Therefore, the questionnaire prepared by DaMENSCH reflects upon the new ideas of love as seen within a relationship. It encompasses matters once considered crude such as money as well as the space for more than two people in a relationship. 

With so many dimensions of love emerging both inside and outside of a relationship, short formats like ads appear limited and traditional in their narratives. While they do nudge consumers to appreciate and love their partners- they tend to revolve around a very narrowly defined idea of love. 

SKINN’s “Best Said with SKINN”

Skinn’s video featuring Sanya Malhotra ironically complaints about having nothing new in a relationship after the ‘happily ever after’ while depicting a couple that has nothing new about it. Without a doubt, familiarity can lead to a certain degree of boredom in a relationship and small gestures like gifting something thoughtful can make your better-half smile. But even so, with so many newer meanings, symbols and dimensions emerging- one wonders if that’s still the best way to express love. 

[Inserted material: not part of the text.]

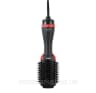 VGR V-416 Hair Dryer product thumbnail 4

Given how Valentine’s Day is one of the biggest opportunities for brands, there is a constant attempt to come up with unique ways to define and represent love. Over the years, singles and non-heteronormative couples have gained significant recognition in narratives of romance. With exposure to global lifestyles and access to dating apps, even couples are discovering new avenues to overcome the staleness enforced by familiarity. With all these factors on board, it is a necessity for brands to go for a subtle and ground-breaking depiction of love and not resort to traditional and limiting narratives.